I could’ve been in Montana or Florida or Oregon or Texas – just to give you a spatial glimpse of how citizens here can perhaps entertain a bold, frontal attack on our nation’s capital without experiencing what we might call uniform seriousness. Many in our farthest-flung states find it unwieldy to consider Washington as their capital.
Maybe all violent insurrections – which is what we endured this week – have, at certain moments, a carnival dimension; participants, (otherwise known as seditionists), laughing and capering about in clown gear and stage make-up, taking selfies and videos of the mayhem as it's happening; their dazed exhorters spouting incendiary vows and imprecations without much thought for what they're saying or its possible consequences.
It’s a bit like a lynching where tickets were sold, or lions consuming Christians before an appreciative audience.

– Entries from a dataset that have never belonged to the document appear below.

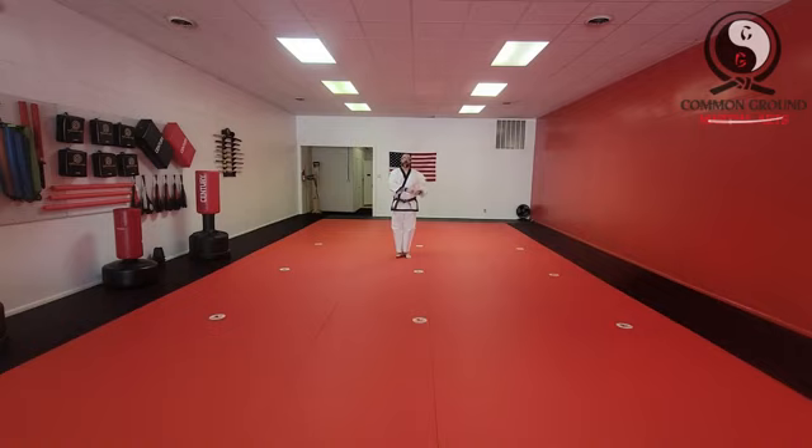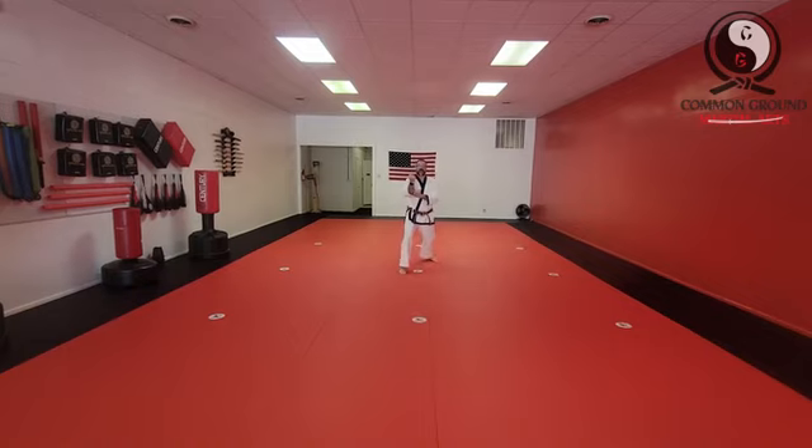Alright, so that's the end of section 1, that's the first four counts. Section 2 starts with a right-sided two-fisted middle block and a front stance. Right from here, I'm going to step — so that's the count of 1.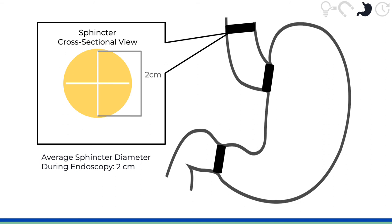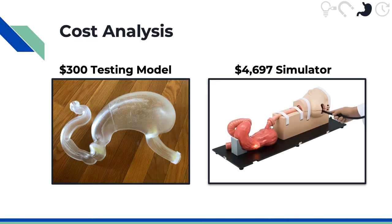You can also see a cross section of the sphincter, which has that sponge with a cross design. The crosses measure 2 centimeters across to more closely mimic what a sphincter is like when it's open. Based on our current model using resin, we anticipate that our testing platform will cost about $300. However, for mass production purposes, we anticipate using this to make a silicone mold, which can be more easily mass produced and softer, so it should function better. This is still very cheap compared to the over $4,000 simulators currently on the market.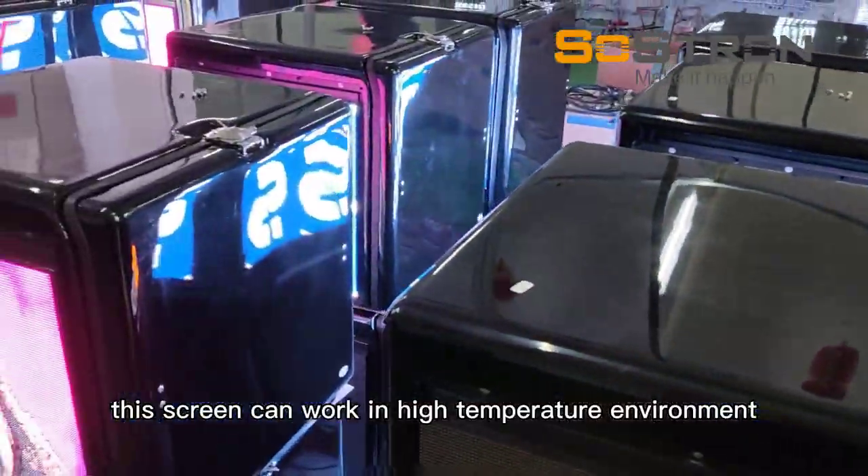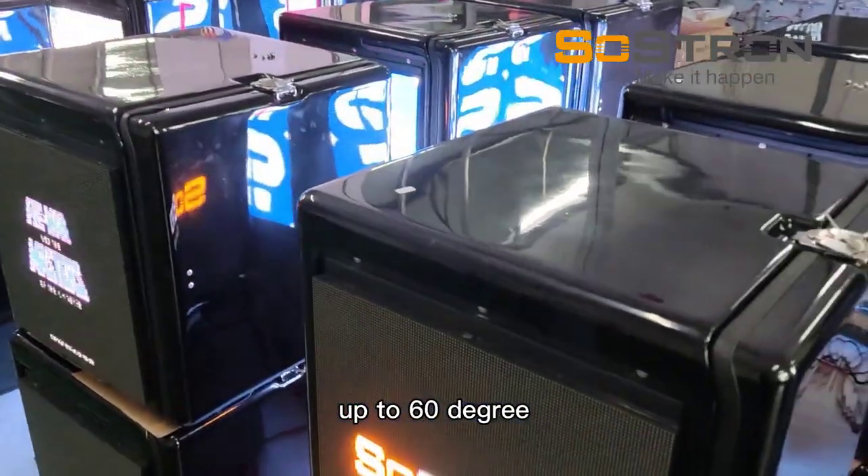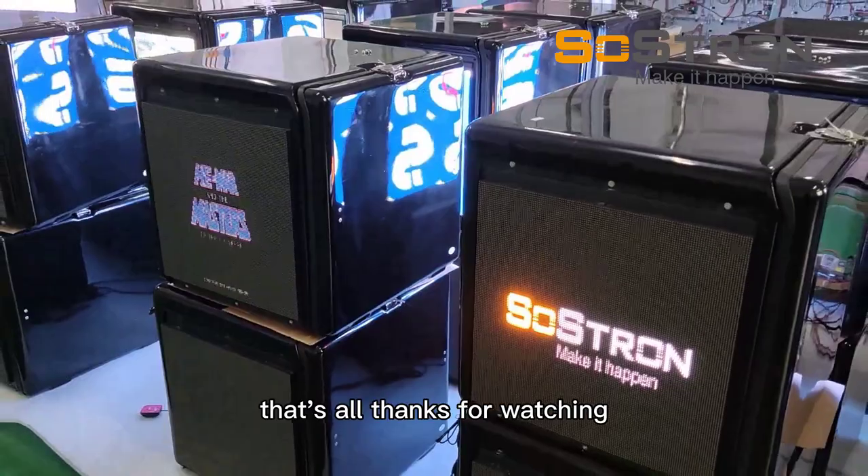This screen can work in a high-temperature environment up to 60 degrees. That's all. Thanks for watching.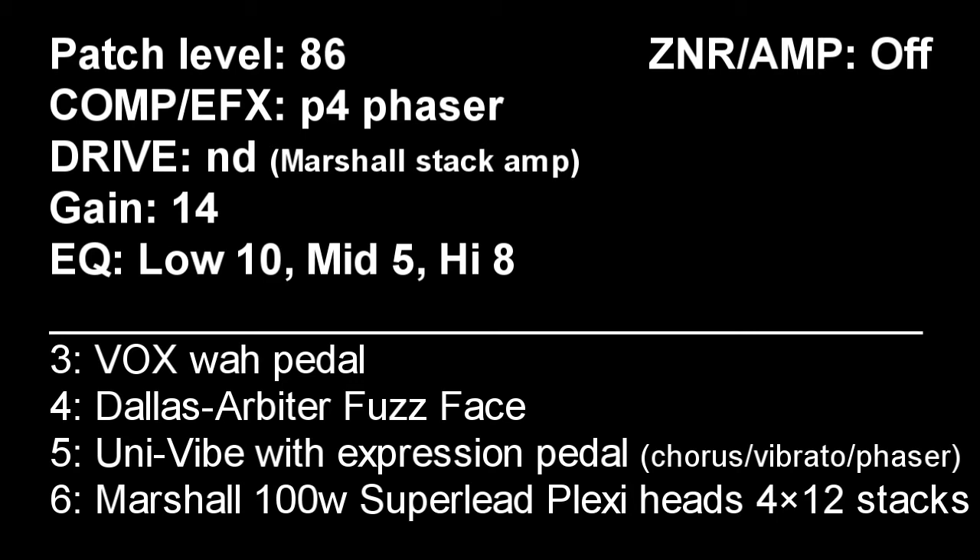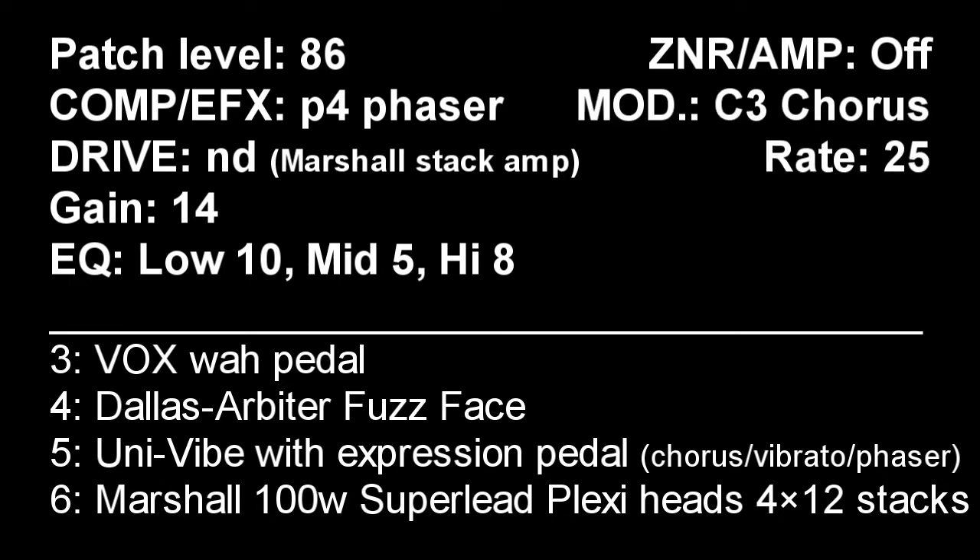As we need some Chorus for the UniVibe, I set the modulation to C3, which is Chorus, with a half rate at 25.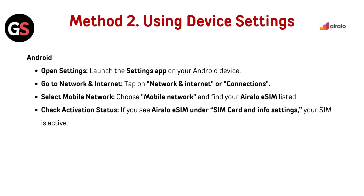Method 2: Using device settings. For Android, open the Settings app on your Android device. Go to Network and Internet, or Connections. Tap on Mobile Network and find your AirLo eSIM listed. Check the activation status.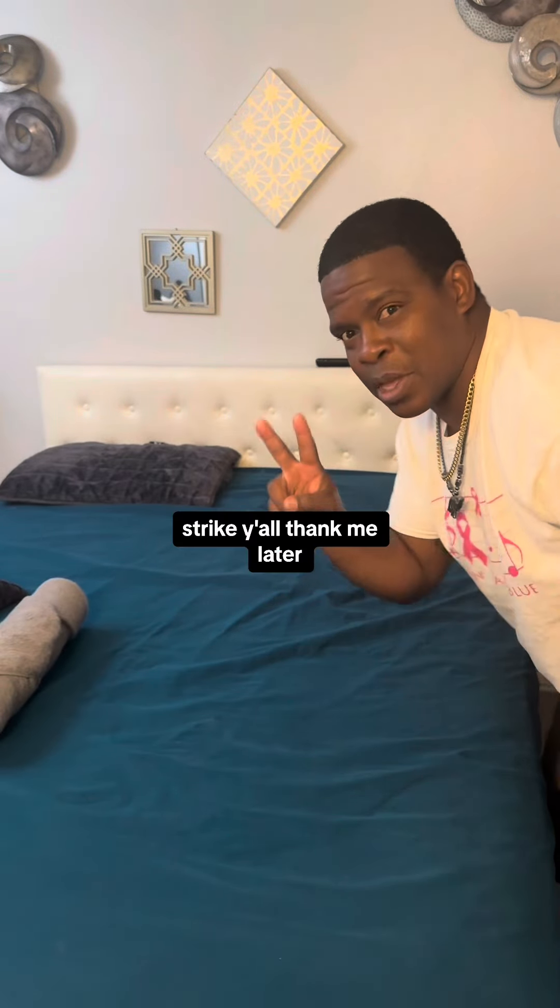I'm assuming that's what you're talking about. Strike? Y'all thank me later. I'll see you later. Thank you.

Is it simply, then, that many of us assume our freedoms can’t really be sundered and so who cares? Or is there something about life now, and here, that buffers many Americans from believing that anything we do can really matter all that much?
That is what I thought when I saw the mob – mostly white people who look much like me – forcing its way rather too easily into our Capitol building, breaking things, waving stupid Confederate flags, hooting and cheering and declaring that they were “taking over,” all while citizens were being shot, the government cast in disarray, and confidence in our institutions even further vitiated.
I thought: these people didn’t seem very serious to me. As if it was all a mode of put-on, play-like – even though there were real bombs planted here and about, hundreds terrified, and a woman died.
What would they possibly have done, one wonders, if they’d succeeded? (Though of course one knows the answer there, and it wouldn’t be pretty.)
Many of us saw this day coming and wrote about it. How then did we in America ever get to this place? A half-assed coup on a mild winter Wednesday afternoon, with a demented president and half the country thinking babies are being eaten in the basement of a Washington pizzeria?
A workable definition of a fool is someone who doesn’t recognise serious from its opposite. If you ask me, at least half of us are there.
And while it may be a joke to some, it can become really deadly really fast if people don’t come to their senses.